Please write out only the lines from the line with "Child with lion" to the line with "Dual pipe clip", inclusive, exactly as they stand below, without the pictures.
******
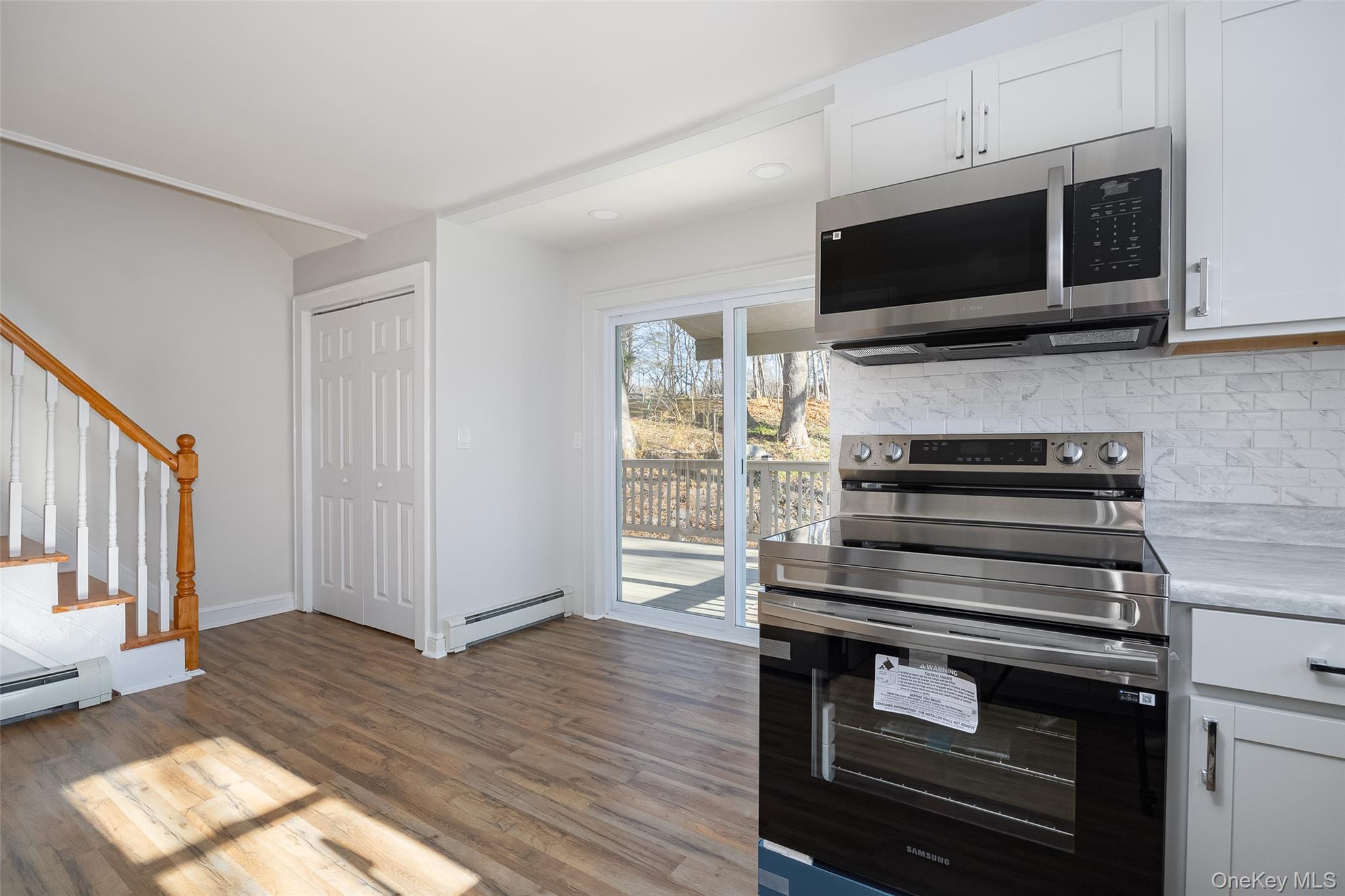 4 Walnut Street Poughkeepsie, NY 12601 - Photo 5 of 26 a kitchen with a stove and a microwave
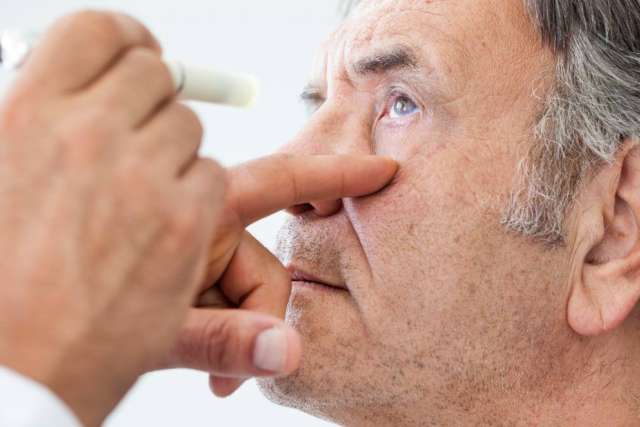 Older man receiving an eye exam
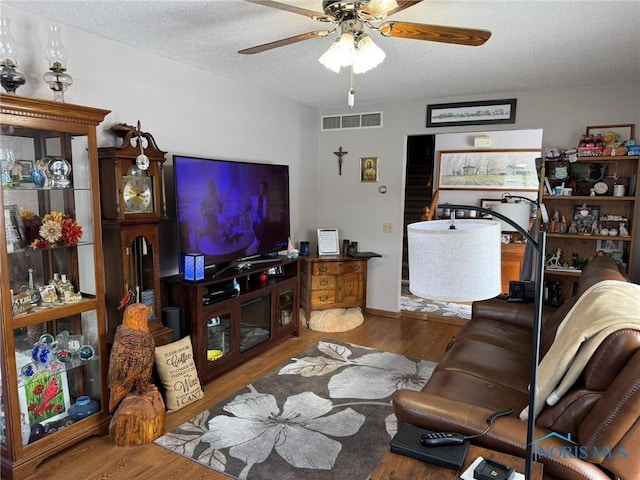 living room with hardwood / wood-style flooring, ceiling fan, and a textured ceiling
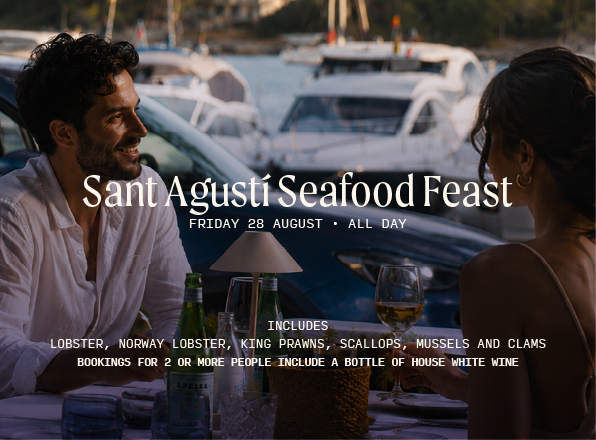 Personas disfrutando de una mariscada en HPC frente a la bahia de portocolom. 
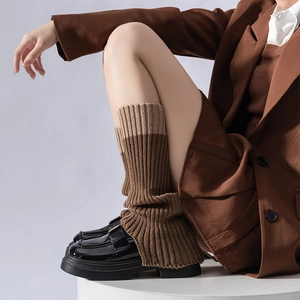 Dettaglio di scaldamuscoli in maglia a coste bicolore marrone con scarpe con zeppa
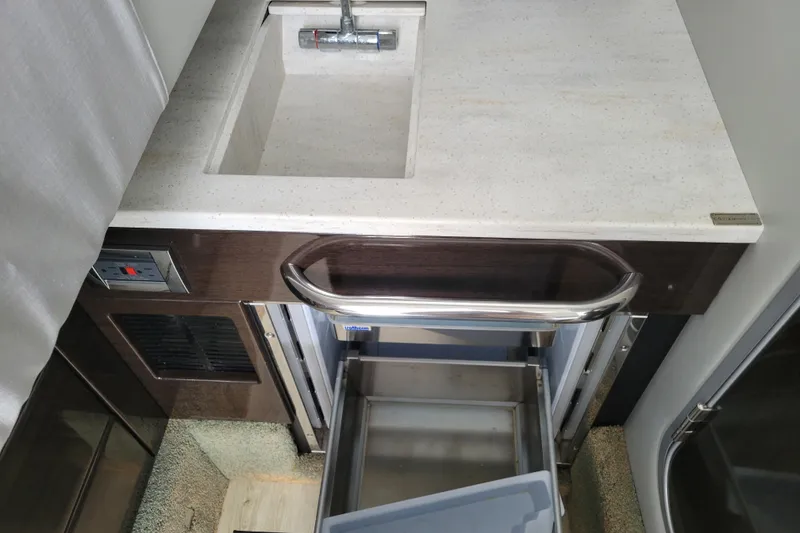 Slide: The Image of 2019 Formula 350 Crossover Bowrider interior with sink and storage drawers. - 40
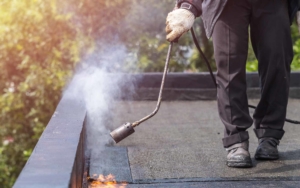 Roofing worker using blow torch to seal EPDM material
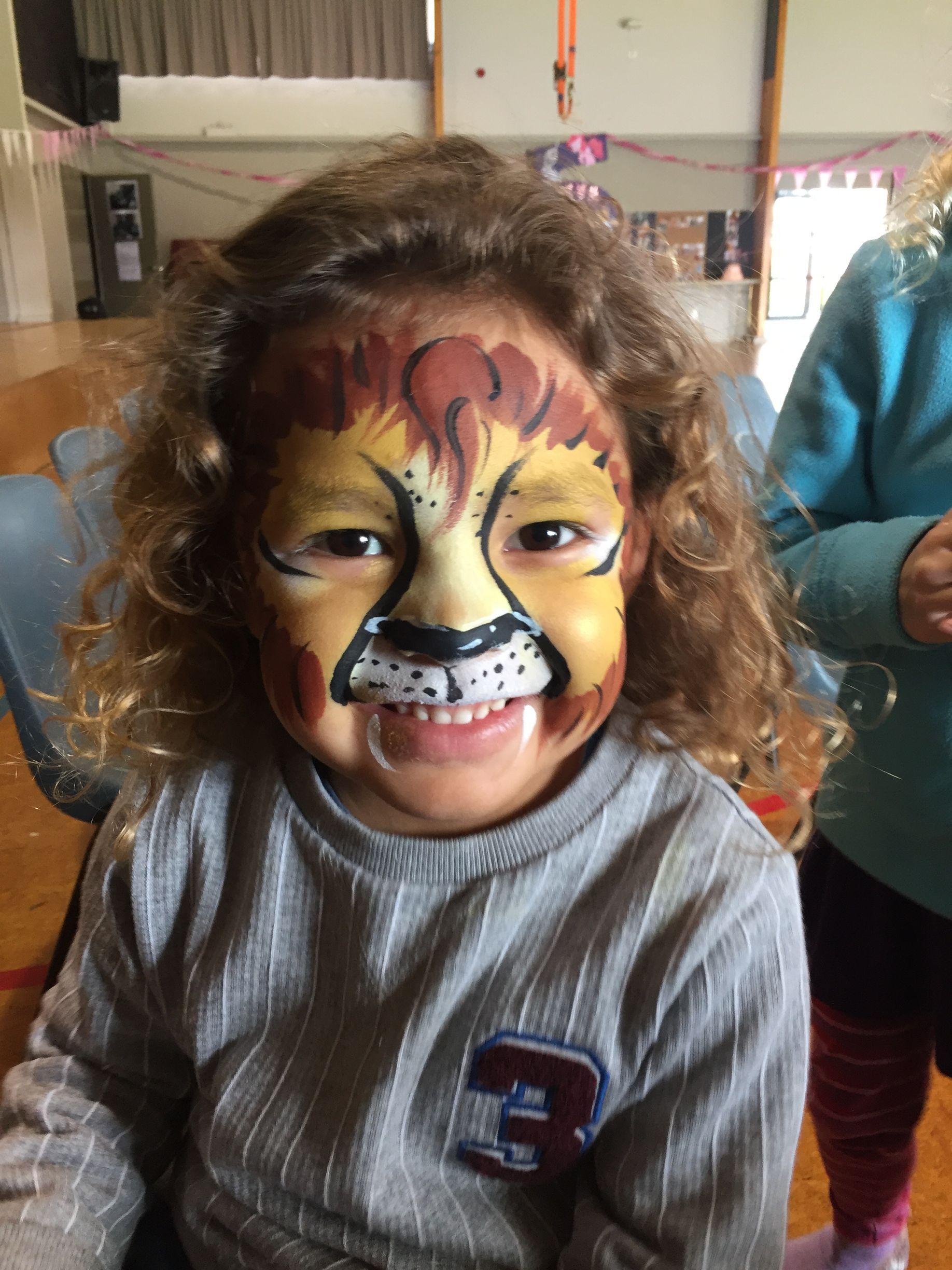 Child with lion face paint smiling. Indoors, wearing a gray shirt.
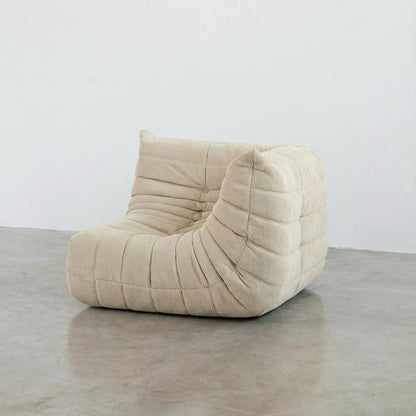 Bruma Sofa Corner in cream corduroy photographed from the front angle.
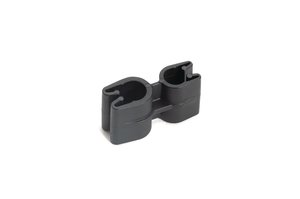 Dual pipe clip secures two routings together while keeping them separated, to prevent chafing or heat transfer.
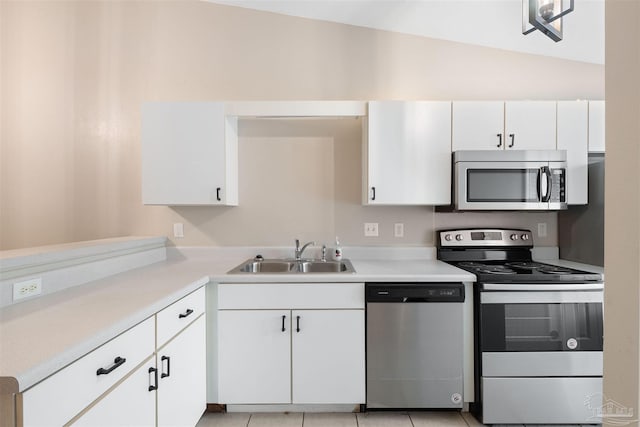 kitchen featuring white cabinetry, sink, light tile patterned floors, and appliances with stainless steel finishes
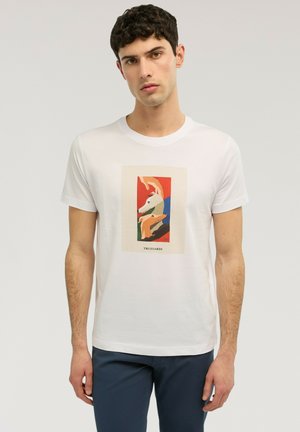 Joven con camiseta blanca que lleva una ilustración colorida de un perro y el texto "Trussardi", combinada con pantalones azul oscuro, posando sobre un fondo neutro.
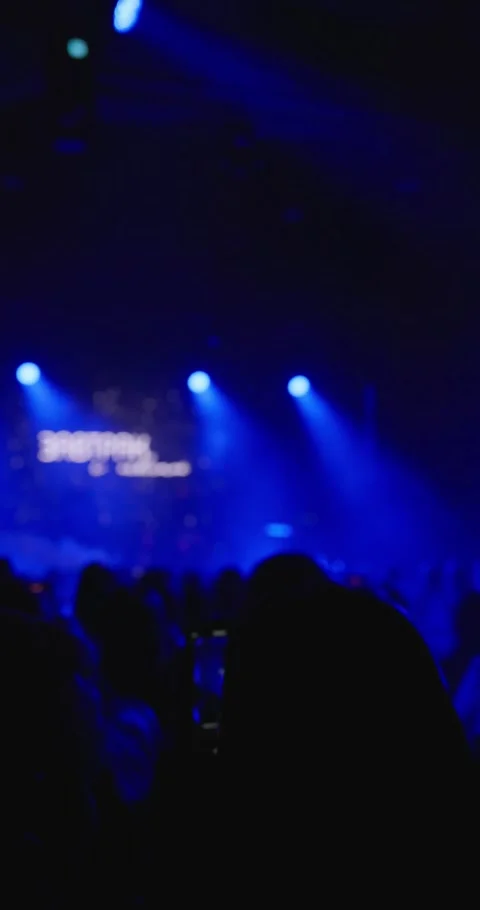 A scene with blue lights in the distance behind the heads of people Stock Footage 270222005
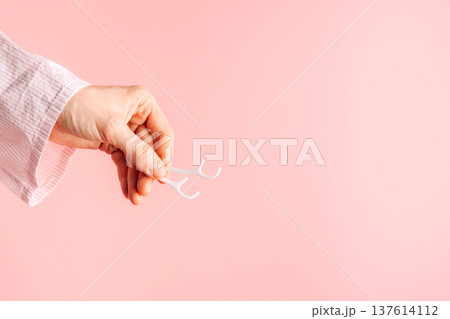 Hand holding a white dental floss pick on pink background, minimal oral hygiene concept with copy space Hand holding a white dental floss pick on pink background, minimal oral hygiene concept with copy space 137614112
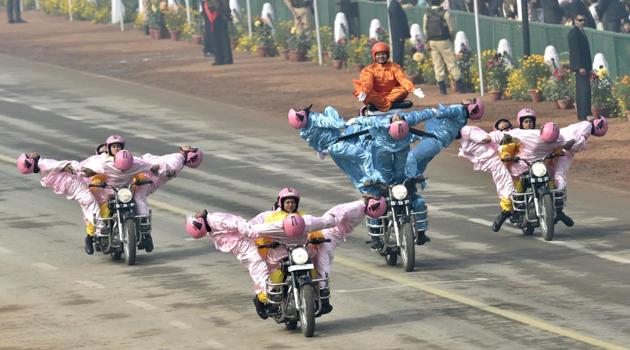 Border Security Force’s Seema Bhawani women’s daredevil team pulls off a lotus-formation during the Republic Day parade in New Delhi. Amid unprecedented security cover, celebrations of the 69th Republic Day began in New Delhi, with Prime Minister Modi and three Service Chiefs paying homage at the Amar Jawan Jyoti. This was followed by the arrival of the 10 ASEAN heads of state as chief guests and the big draw –the Republic Day Parade. (Ajay Aggarwal / HT Photo)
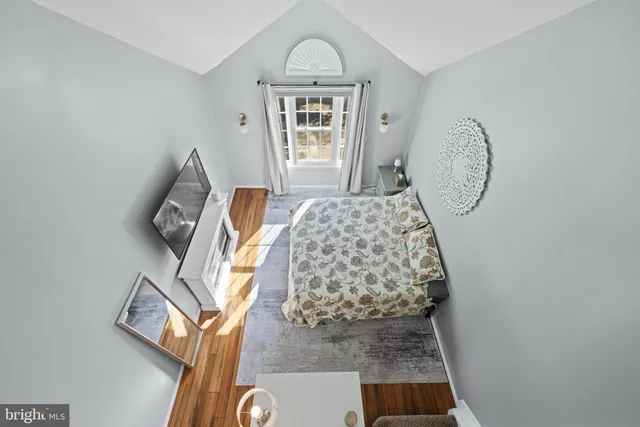 a view of a hallway with washer and dryer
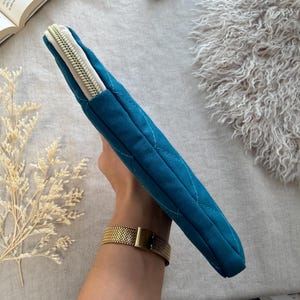 May include: A teal quilted fabric sleeve with a diamond-stitched pattern and a light-colored zipper closure. The rectangular case features a slim profile and a textured exterior, designed to hold flat items securely within its zippered compartment.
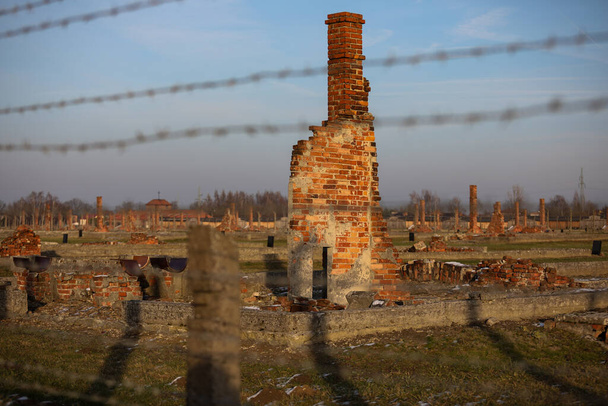 Auschwitz- Birkenau, Poland - 6 Decemeber 2019: електричний паркан з колючим дротом, зруйновані бараки в німецькому концтаборі Аушвіц II Біркенау, Бжезинка - Фото, зображення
******
> **WRITTEN SOLUTION**:
 Child with lion face paint smiling. Indoors, wearing a gray shirt.
 Bruma Sofa Corner in cream corduroy photographed from the front angle.
 Dual pipe clip secures two routings together while keeping them separated, to prevent chafing or heat transfer.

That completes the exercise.